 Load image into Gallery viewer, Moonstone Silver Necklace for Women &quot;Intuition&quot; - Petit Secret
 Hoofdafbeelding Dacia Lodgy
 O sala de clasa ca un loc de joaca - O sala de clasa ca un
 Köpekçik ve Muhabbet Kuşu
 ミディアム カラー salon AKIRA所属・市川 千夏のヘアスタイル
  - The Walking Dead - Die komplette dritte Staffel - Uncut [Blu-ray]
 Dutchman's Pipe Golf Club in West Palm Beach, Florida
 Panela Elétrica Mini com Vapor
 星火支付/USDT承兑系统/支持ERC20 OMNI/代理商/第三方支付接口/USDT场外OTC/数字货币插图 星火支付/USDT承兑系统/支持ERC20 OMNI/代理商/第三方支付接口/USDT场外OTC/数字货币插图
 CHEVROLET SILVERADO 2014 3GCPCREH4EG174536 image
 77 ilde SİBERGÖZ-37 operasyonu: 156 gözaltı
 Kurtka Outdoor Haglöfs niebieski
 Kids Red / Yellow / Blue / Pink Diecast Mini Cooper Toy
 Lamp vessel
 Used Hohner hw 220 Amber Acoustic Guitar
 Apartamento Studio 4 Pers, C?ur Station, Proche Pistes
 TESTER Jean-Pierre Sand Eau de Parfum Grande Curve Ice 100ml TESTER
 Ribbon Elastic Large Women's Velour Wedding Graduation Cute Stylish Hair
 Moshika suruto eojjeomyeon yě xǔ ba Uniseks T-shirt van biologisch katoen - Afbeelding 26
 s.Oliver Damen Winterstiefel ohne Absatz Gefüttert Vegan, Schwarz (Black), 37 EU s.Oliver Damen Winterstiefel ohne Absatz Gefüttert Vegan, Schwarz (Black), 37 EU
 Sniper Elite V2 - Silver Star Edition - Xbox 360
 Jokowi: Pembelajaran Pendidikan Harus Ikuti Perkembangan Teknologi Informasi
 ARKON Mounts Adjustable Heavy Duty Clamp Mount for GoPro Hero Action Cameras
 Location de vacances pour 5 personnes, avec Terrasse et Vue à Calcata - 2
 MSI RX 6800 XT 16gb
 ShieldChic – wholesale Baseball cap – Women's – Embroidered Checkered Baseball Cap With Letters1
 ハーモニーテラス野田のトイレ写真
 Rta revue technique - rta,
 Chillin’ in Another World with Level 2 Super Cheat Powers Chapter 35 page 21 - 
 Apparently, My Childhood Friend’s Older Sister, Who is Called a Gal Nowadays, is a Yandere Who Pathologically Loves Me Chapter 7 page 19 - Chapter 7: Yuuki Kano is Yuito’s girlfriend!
■ ■ ■ ■ ■
§ **Exercise description**
Your output should be an exact copy of the lines from the top of the listing above to the line with "Rta revue technique", both ends included.

§ **Written answer**
 Load image into Gallery viewer, Moonstone Silver Necklace for Women &quot;Intuition&quot; - Petit Secret
 Hoofdafbeelding Dacia Lodgy
 O sala de clasa ca un loc de joaca - O sala de clasa ca un
 Köpekçik ve Muhabbet Kuşu
 ミディアム カラー salon AKIRA所属・市川 千夏のヘアスタイル
  - The Walking Dead - Die komplette dritte Staffel - Uncut [Blu-ray]
 Dutchman's Pipe Golf Club in West Palm Beach, Florida
 Panela Elétrica Mini com Vapor
 星火支付/USDT承兑系统/支持ERC20 OMNI/代理商/第三方支付接口/USDT场外OTC/数字货币插图 星火支付/USDT承兑系统/支持ERC20 OMNI/代理商/第三方支付接口/USDT场外OTC/数字货币插图
 CHEVROLET SILVERADO 2014 3GCPCREH4EG174536 image
 77 ilde SİBERGÖZ-37 operasyonu: 156 gözaltı
 Kurtka Outdoor Haglöfs niebieski
 Kids Red / Yellow / Blue / Pink Diecast Mini Cooper Toy
 Lamp vessel
 Used Hohner hw 220 Amber Acoustic Guitar
 Apartamento Studio 4 Pers, C?ur Station, Proche Pistes
 TESTER Jean-Pierre Sand Eau de Parfum Grande Curve Ice 100ml TESTER
 Ribbon Elastic Large Women's Velour Wedding Graduation Cute Stylish Hair
 Moshika suruto eojjeomyeon yě xǔ ba Uniseks T-shirt van biologisch katoen - Afbeelding 26
 s.Oliver Damen Winterstiefel ohne Absatz Gefüttert Vegan, Schwarz (Black), 37 EU s.Oliver Damen Winterstiefel ohne Absatz Gefüttert Vegan, Schwarz (Black), 37 EU
 Sniper Elite V2 - Silver Star Edition - Xbox 360
 Jokowi: Pembelajaran Pendidikan Harus Ikuti Perkembangan Teknologi Informasi
 ARKON Mounts Adjustable Heavy Duty Clamp Mount for GoPro Hero Action Cameras
 Location de vacances pour 5 personnes, avec Terrasse et Vue à Calcata - 2
 MSI RX 6800 XT 16gb
 ShieldChic – wholesale Baseball cap – Women's – Embroidered Checkered Baseball Cap With Letters1
 ハーモニーテラス野田のトイレ写真
 Rta revue technique - rta,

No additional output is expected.